WORK ORDER: Give again, word for word, every line below from the one that has "Guida ai protocolli" through the one that has "Visit to a local", both included, and no others.

RECORDS PROVIDED:

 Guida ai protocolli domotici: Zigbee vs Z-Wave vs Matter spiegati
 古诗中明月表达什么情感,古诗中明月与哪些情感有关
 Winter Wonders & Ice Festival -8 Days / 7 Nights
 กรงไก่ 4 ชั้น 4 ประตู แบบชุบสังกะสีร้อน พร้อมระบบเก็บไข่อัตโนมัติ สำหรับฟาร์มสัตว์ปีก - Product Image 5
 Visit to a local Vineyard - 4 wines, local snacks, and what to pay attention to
...
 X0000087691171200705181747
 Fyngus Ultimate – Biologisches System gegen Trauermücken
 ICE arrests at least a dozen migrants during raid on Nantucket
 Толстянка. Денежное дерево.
* * *
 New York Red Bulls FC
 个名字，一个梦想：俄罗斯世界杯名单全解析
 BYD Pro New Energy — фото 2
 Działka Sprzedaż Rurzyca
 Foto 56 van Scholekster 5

TASK OUTPUT:
 Guida ai protocolli domotici: Zigbee vs Z-Wave vs Matter spiegati
 古诗中明月表达什么情感,古诗中明月与哪些情感有关
 Winter Wonders & Ice Festival -8 Days / 7 Nights
 กรงไก่ 4 ชั้น 4 ประตู แบบชุบสังกะสีร้อน พร้อมระบบเก็บไข่อัตโนมัติ สำหรับฟาร์มสัตว์ปีก - Product Image 5
 Visit to a local Vineyard - 4 wines, local snacks, and what to pay attention to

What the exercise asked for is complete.